Les Berbères khawarije entre à Kairouan

En l’an 138 de l’Hégire (755), Habib Ibn ‘AbderRahmane se rebella à son tour contre ses oncles, entra en guerre contre eux, provoqua en duel et réussit à tuer Ilyas Ibn Habib. Ses autres oncles s’enfuirent et se réfugièrent chez ‘Assim Ibn Jamil, le chef de la tribu ‘Ourfoujoumah, issue de la grande tribu Nafzah des khawarije souffariyah ghoulate qui ensemble s’élevèrent contre Habib Ibn ‘AbderRahmane qu’ils vainquirent.

Peu après la bataille, ‘Assim Ibn Jamil se fit passer pour un sorcier, puis un prophète et il changea un grand nombre de chose de la religion islamique. Il rajouta des prières supplémentaires, il enleva la mention du Prophète Muhammad (Saluts et Bénédictions sur lui) dans l’appel à la prière et vous savez maintenant d’où les shiites ont tiré leur innovation.

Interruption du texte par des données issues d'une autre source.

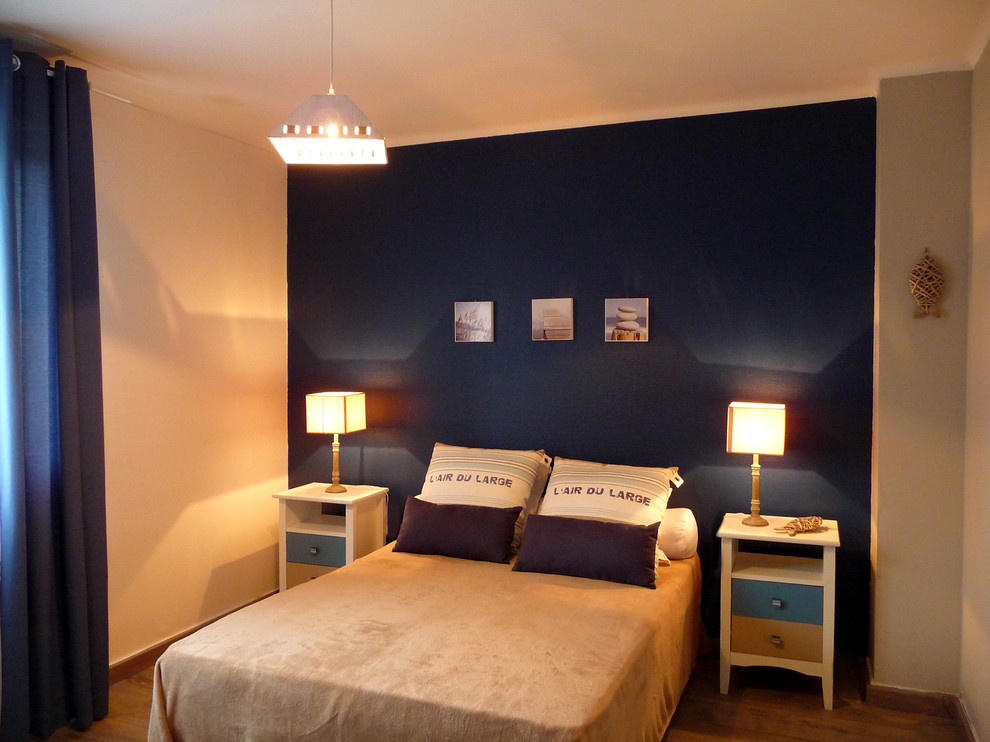 Imagen de dormitorio principal costero de tamaño medio sin chimenea con paredes azules, suelo vinílico y suelo marrón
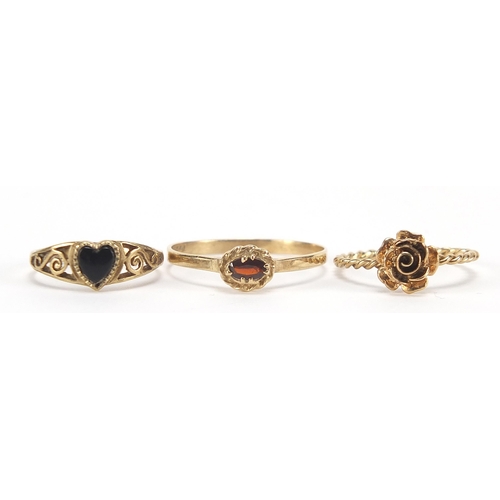 1745 - Three 9ct gold rings including black onyx love heart and garnet, sizes J, M and U, 3.8g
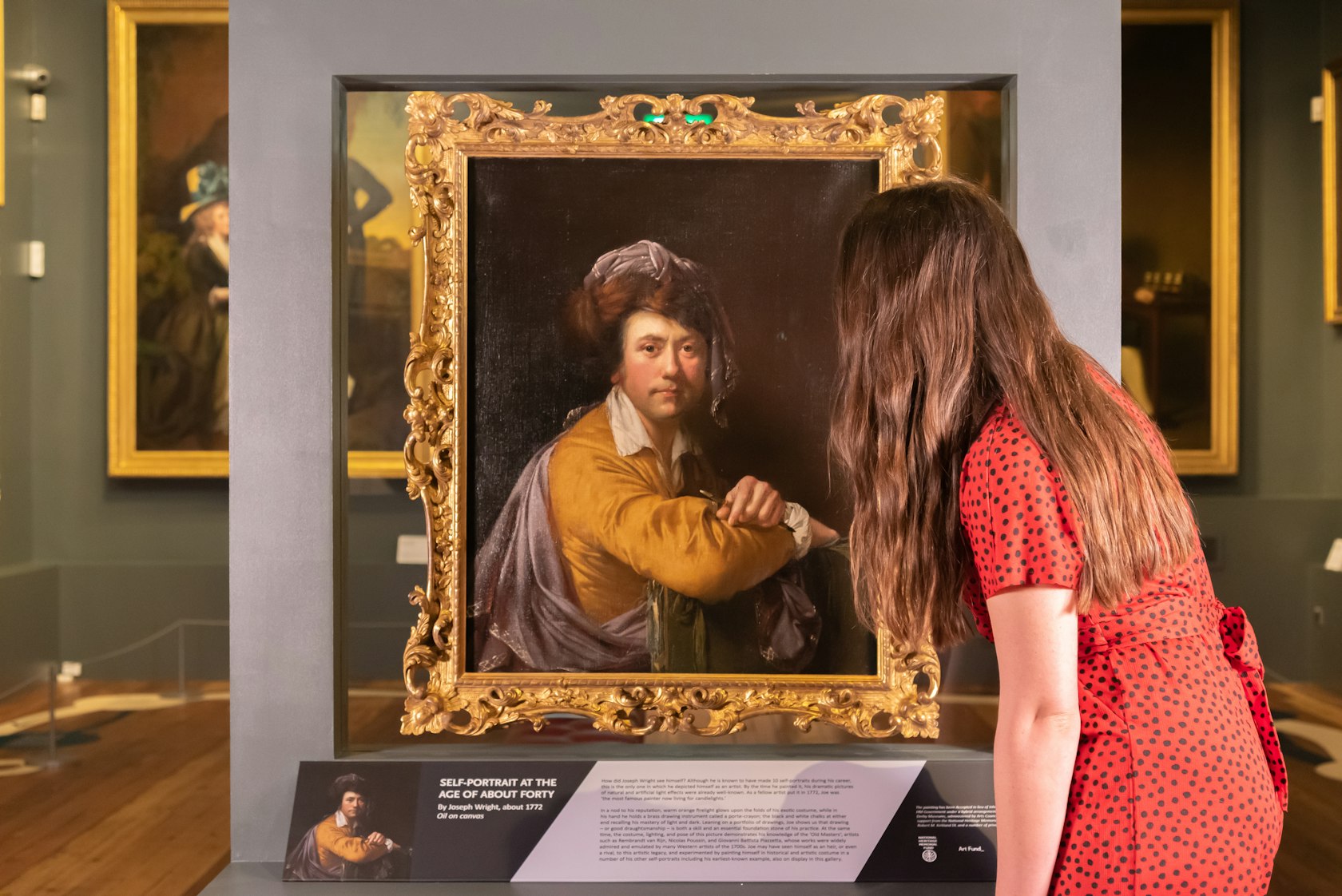 Visitor viewing ‘Self-Portrait at the age of about forty’ by Joseph Wright of Derb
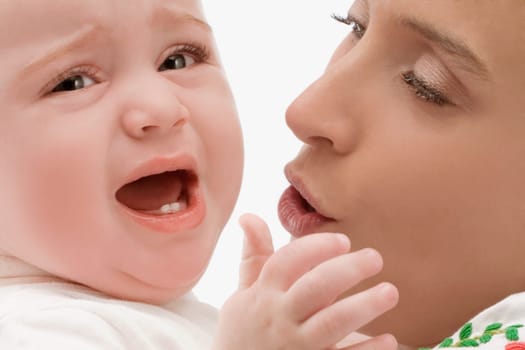 Close_up of a mid adult woman looking at her son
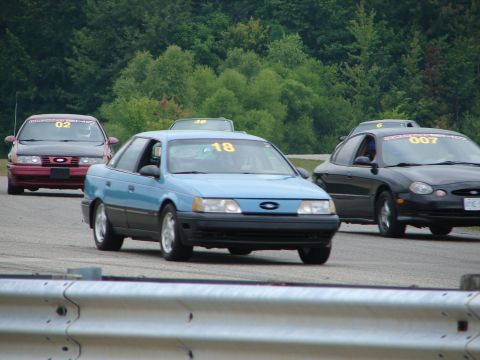 1993 Ford Taurus - Several Ford Taurus models compete on a road course, with racing numbers displayed on their windshields.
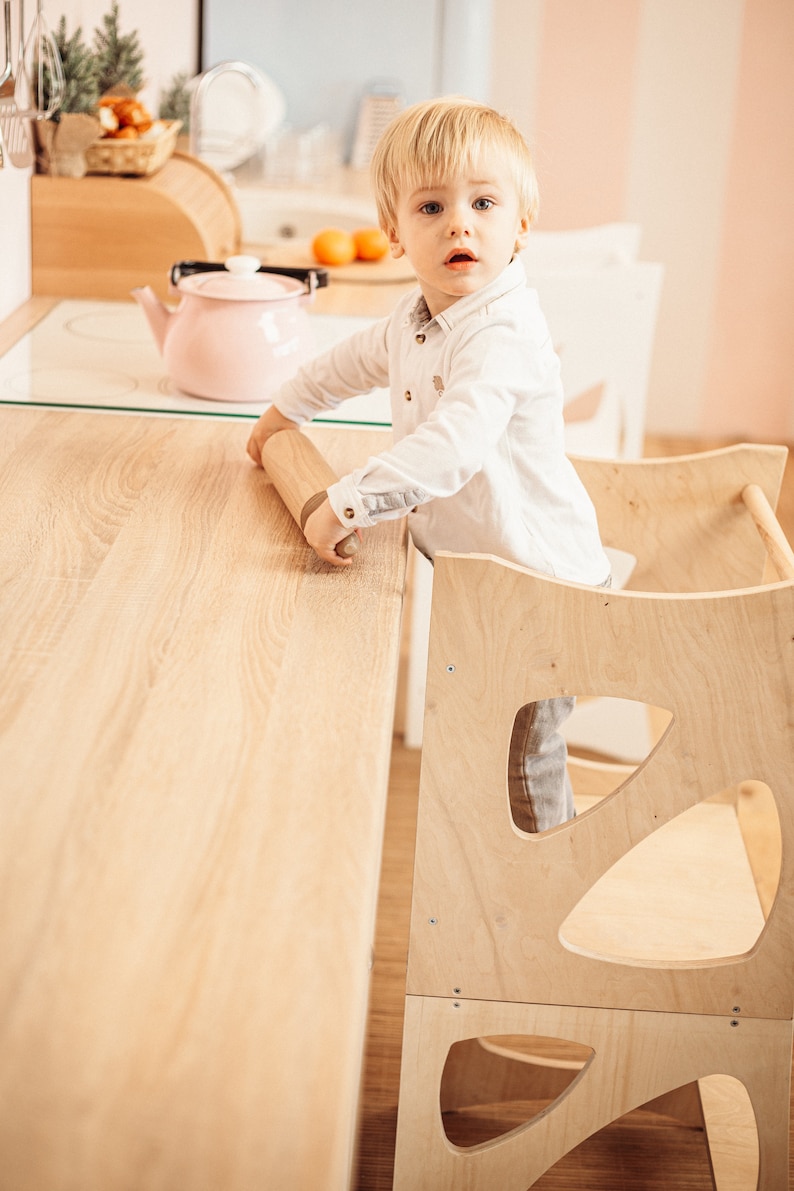 May include: A young child sits in a wooden learning tower, reaching for a rolling pin on a light wood countertop. The tower has a unique design with cutouts in the sides.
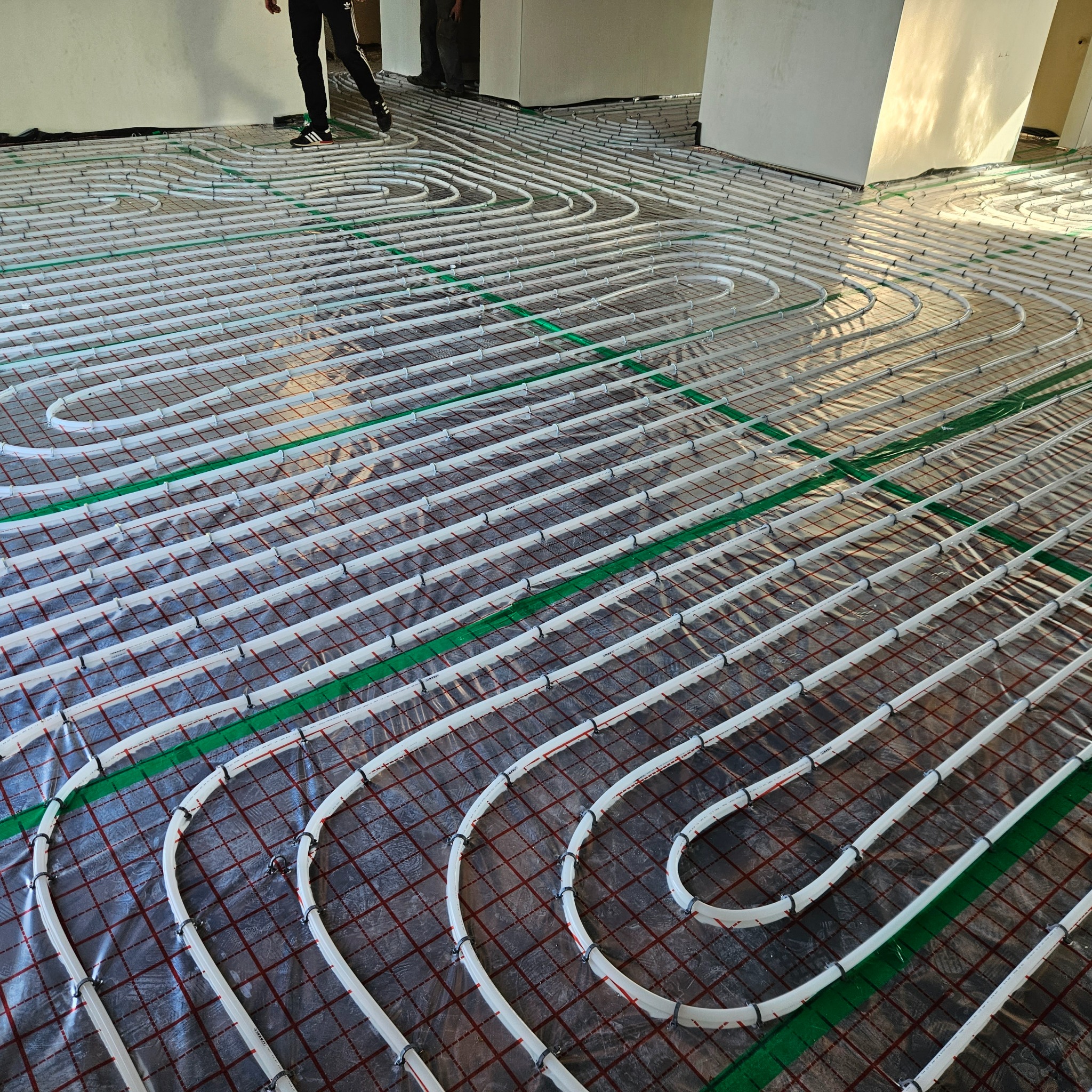 Rozłożona instalacja ogrzewania podłogowego na folii z siatką, widoczne białe rury grzewcze przymocowane czarnymi uchwytami i zielone paski mocujące, fragment osoby w tle.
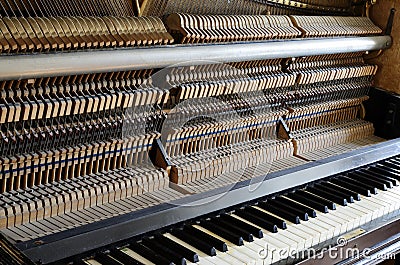 Inside the piano: string, pins and hammers Stock Photo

Puis, à la tête d’une immense armée, ‘Assim Ibn Jamil marcha sur Kairouan qu’il réussit à prendre en l‘an 138 de l’Hégire (755) et ou les khawarije accomplirent les plus funestes et odieux actes barbares dont nul n’imaginera jamais l’ampleur. Ils violèrent l’honneur des Musulmans et commirent les plus grands péchés contre toutes les créatures vivantes qui tombèrent sous leurs mains, y compris les animaux.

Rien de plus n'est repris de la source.